Haunted Pocahontas County

Since I moved to Pocahontas County I've heard quite a few ghost stories. The storytellers have a variety of attitudes about their narratives. Some of them think they're amusing anecdotes about rural superstition, some of them think they are judgements from God Almighty, but most of them are like me. They aren't sure what to make of it. It could be hallucinations, it could be spirits of the dead, it could be some sort of cosmic trick. I have formed no hypothesis, scientific, philosophical, or religious, to explain these phenomena, but I have experienced a couple of ghostly apparitions myself. I remain puzzled, and therefore, I remain interested, hoping, I suppose, to find an answer.

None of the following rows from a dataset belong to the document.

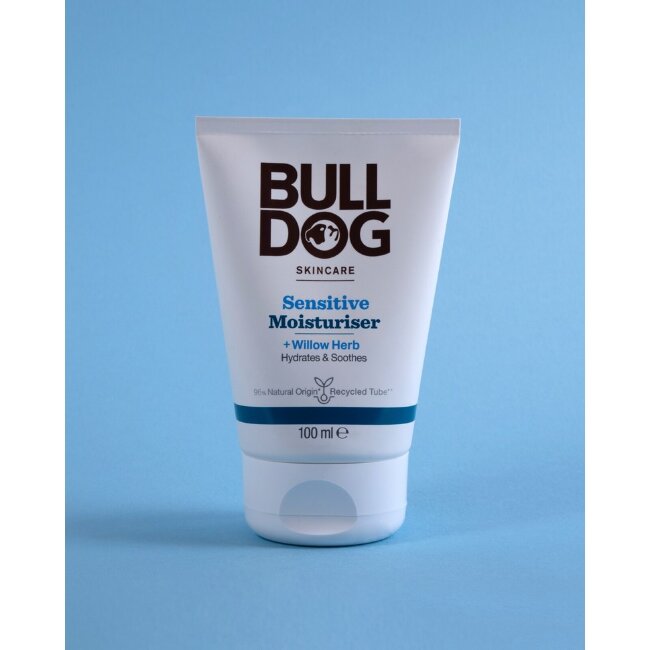 Увлажняющий крем Bulldog Sensitive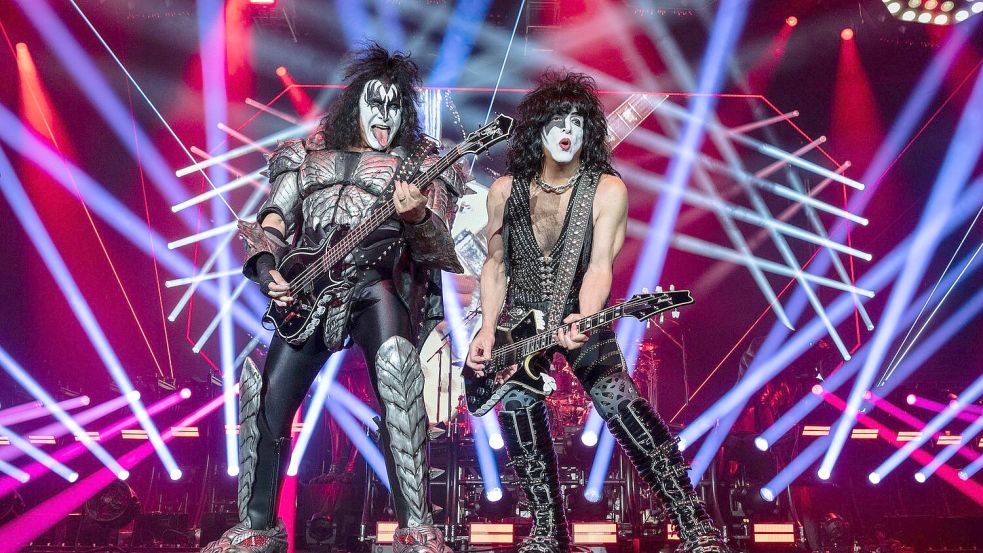 Bei der Abschiedstournee traten Kiss noch mit Make-up auf. (Archivbild) Foto: Bernd Thissen/dpa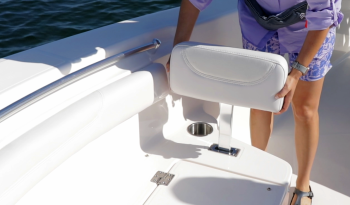 sea-born-lx26-center-console-forward-bow-lounge-with-removable-backrest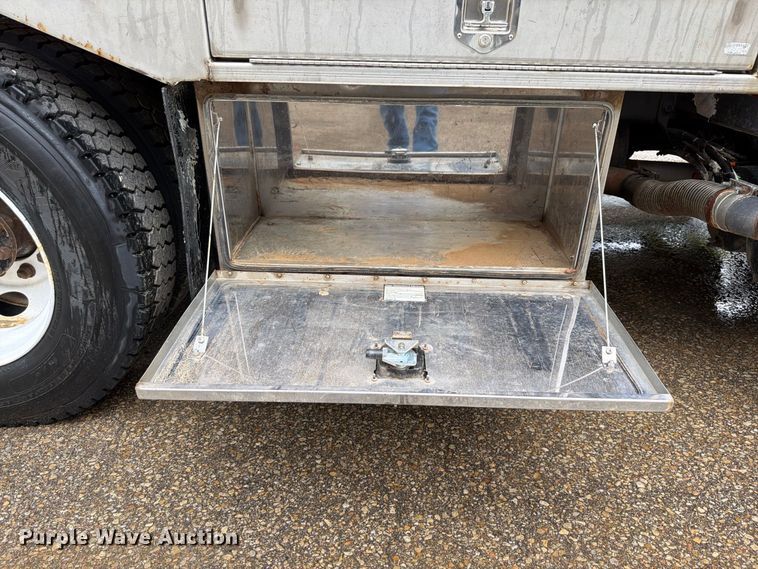 image for item FH6338 2007 International 7400 dump truck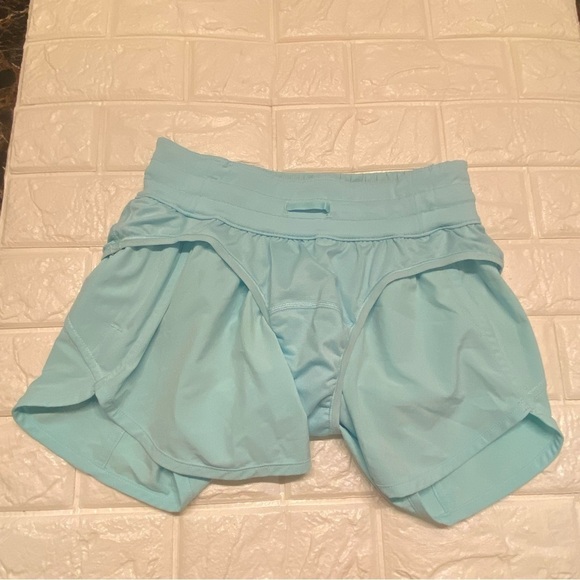 Lululemon Tracker Short V 4" Icing Blue size 4 - Picture 4 of 8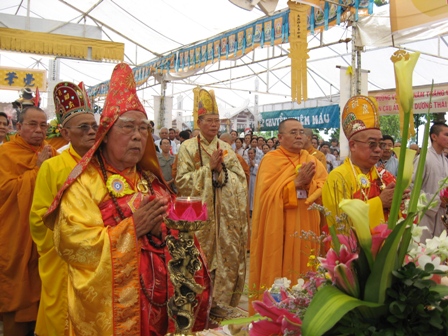 Chư tôn đức tăng ni thắp hương thắp hương nguyện cầu các anh linh – anh hùng liệt sĩ được siêu sinh tịnh độ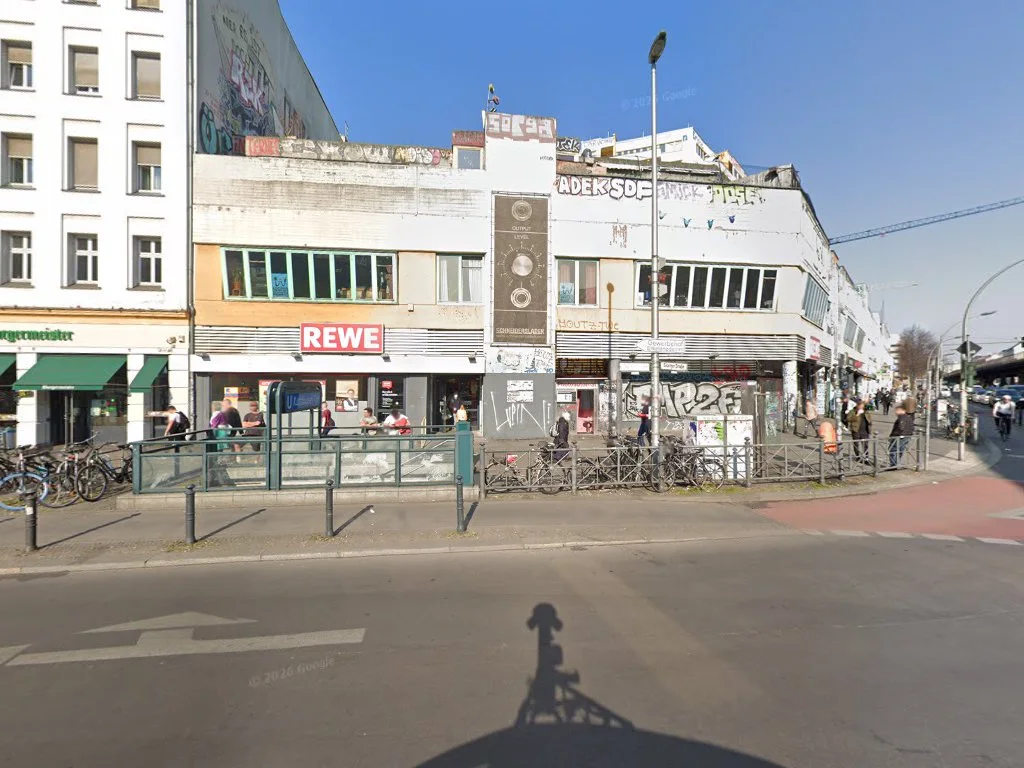 Synthesizer Museum Berlin – Street View & 360°-Fotos in Berlin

That's how it happens that I keep a collection of local ghost stories. With Halloween coming up, I thought a little series of "Poca-HAUNT-as" County anecdotes might be appropriate. From the Marlinton Gargoyle to the Droop Mountain Battlefield to the Greenbrier Ghost, the stories center around Droop Mountain and the Greenbrier River. I don't know whether this reflects my sampling base of operations (I live on Droop, not far from the river) or whether the Civil War battlefield represents some sort of "psychic epicenter."

Book Cover: Last SleepThe Droop Mountain Battlefield has so many ghost stories associated with it that Terry Lowry, in his 1996 book Last Sleep: The Battle of Droop Mountain November 6, 1863 devotes the final chapter to "The Ghosts of Droop Mountain." He offers this explanation:

While it is fairly common for ghost stories to arise out of Civil War sites, Droop Mountain probably ranks near, or even at the top, of such areas to spawn wild-eyed stories of ghosts, apparitions, headless soldiers, illusions, and the like. Due primarily to its somewhat isolated, rural location, Droop Mountain battlefield has been the scene of many unexplained happenings since the Civil War battle that took place there in 1863. This is not unusual, considering fog "often rolls over the mountain in waves, there one minute, gone the next," creating an eerie atmosphere conducive to tales of ghosts and the supernatural.